Por Sergio Federovisky
Desde hace días, los medios hablan de la rotura de una represa en Brasil como si se tratara de un embalse como el lago San Roque, por citar uno que conocemos todos.
Lo que cedió en Minas Gerais, y sepultó el pueblo de Brumadinho -siempre son los pobres los que pagan con su vida-, fue el dique de colas de la minera Vale, principal productora de óxido de hierro y níquel en el mundo. Un dique de colas no es un embalse para sembrar truchas o hacer turismo. Es el basurero en el que se depositan los residuos de la minería a cielo abierto. Por cada 1000 kilos de mineral se generan 850 kilos de desechos. Bajo ese lodo tóxico yacen los más de 300 desaparecidos de un pueblo que ya no es.

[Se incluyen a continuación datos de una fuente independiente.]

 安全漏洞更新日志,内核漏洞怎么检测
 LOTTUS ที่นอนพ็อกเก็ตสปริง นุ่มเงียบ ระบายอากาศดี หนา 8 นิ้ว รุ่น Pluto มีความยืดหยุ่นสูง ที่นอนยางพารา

La minería es segura y sustentable, braman quienes la defienden, acusando a quienes la cuestionan de impedir el progreso. La historia los desmiente.
La misma Vale, en 2015 y a pocos kilómetros del sitio de esta catástrofe, fue protagonista del -hasta hoy- mayor desastre ambiental de la historia del Brasil.
Hace diez años, en Bolivia reventó el dique de colas Abaroa y contaminó el río Pilcomayo.
Dos sucesos prácticamente dieron por terminada la minería a cielo abierto en Europa. En 1998, la rotura de un dique de colas en Huelva, que derramó 4500 millones de litros de barro tóxico sobre una reserva natural. Y en 2000, el desastre de Baia Mare en Rumania. «No quedó nada vivo», dijeron los biólogos cuando la mancha de 40 kilómetros llegó al río Danubio, a 2000 kilómetros de la minera.
La minería a cielo abierto, esa modalidad tecnológica que se impuso en los últimos 25 años, consiste en volar una montaña, separar los minerales en una sopa de sustancias químicas y disponer los residuos en un dique de cola. Y muchas veces, abandonarlo, como en la minera La Concordia en Salta que desde hace 22 años viene contaminando. Obligando a quienes viven aguas abajo a permanecer implorando que no se rompa.
Somos líderes en seguridad, decían los directivos de Vale mientras hacían simulacros de emergencia en Brumadinho.